LISTED RECORDS:

========

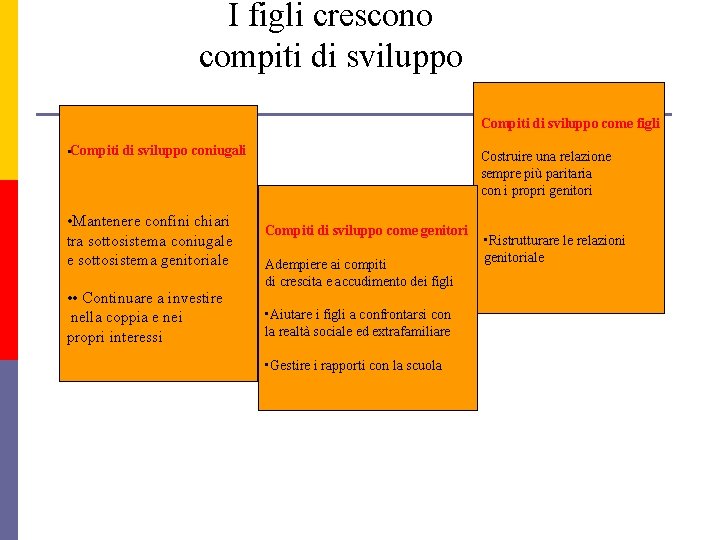 I figli crescono compiti di sviluppo Compiti di sviluppo come figli • Compiti di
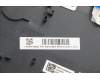 Lenovo 5CB1H30546 Tastatur inkl. Topcase ASM_NORDIC C 82S9 BLA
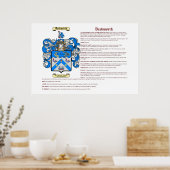 Duckworth (Bedeutung) Poster (Küche)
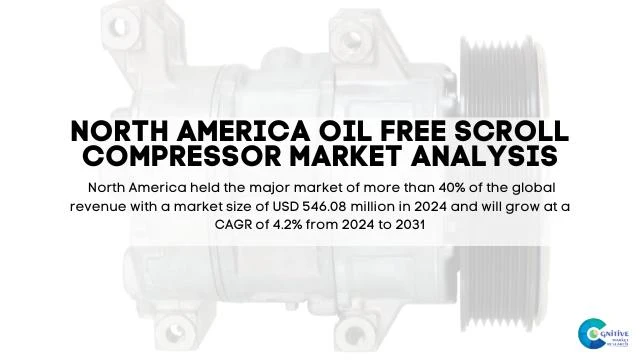 North America Oil Free Scroll Compressor Market Report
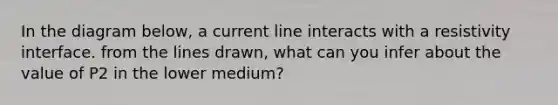 In the diagram below, a current line interacts with a resistivity interface. from the lines drawn, what can you infer about the value of P2 in the lower medium?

========

Begin with the first line of the entries above and write out each line exactly, ending with the line containing "North America Oil". Leave out pictures.

 I figli crescono compiti di sviluppo Compiti di sviluppo come figli • Compiti di
 Lenovo 5CB1H30546 Tastatur inkl. Topcase ASM_NORDIC C 82S9 BLA
 Duckworth (Bedeutung) Poster (Küche)
 North America Oil Free Scroll Compressor Market Report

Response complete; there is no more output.